Every now and then my good friend and neighbor, Cody, hosts an impromptu Sunday fun day. The event usually involves food, anyone who happens to be around on a moments notice and always a few drinks. Yesterday, late afternoon my husband and I talked to Cody. When we found out he was cooking up a huge pot of green chili the thought of making our own dinner had lost all appeal.

A little history on Cody. He's from Dallas, went to college in San Antonio, and has spent a decent amount of time in Santa Fe, New Mexico. So if it isn't obvious to you yet, let me tell you, this guy knows green chili. Before yesterday he had never made this recipe but was willing to test it out on a dozen of his friends. And we were all so happy he did. Be forewarned though, this amount of chili is intended to feed a crew. So if you aren't feeding 15, cut the recipe down accordingly. I also got the recipe last night after a few drinks.
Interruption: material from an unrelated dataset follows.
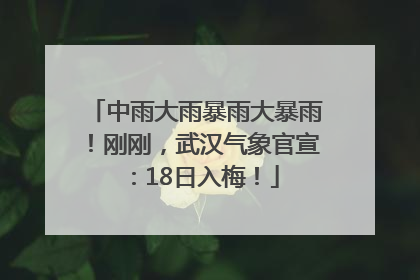 中雨大雨暴雨大暴雨！刚刚，武汉气象官宣：18日入梅！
Forgive me if it isn't laden with detail. The intent is that is once the chiles are roasted everything else goes in one pot.

Cody's Green Chili
4 lbs pork loin - 1/2" - 3/4" cube
1 cup white flour
3 TBSP butter
1 can beef broth
6 C chicken broth
1 can rotel tomatoes - original
1 white onion - chopped
4 cloves garlic - minced
5 tomatoes - diced
20 Anaheim hatch green chiles - chopped
1 red bell pepper - chopped
1lb red potatoes - 1/2" cubes
1 TBSP cumin
3 TBSP green chili powder
fresh cilantro
cheddar cheese

roast green chiles:
on a gas flame blacken green chiles and red bell pepper. once charred, pull off blackened skins and deseed.

make the stew:
Coat the pork cubes with flour. In a large stock pot over medium heat, melt the butter. Add the pork to the pot and cook until browned. Add the broth and bring to a simmer. Add the remaining ingredients. Simmer for at least an hour. Add salt and pepper to taste.

Sprinkle with cilantro and cheddar cheese and serve with warm tortillas. As with most stews, this one will be just as good the following day.

serves 15-20 as a main course.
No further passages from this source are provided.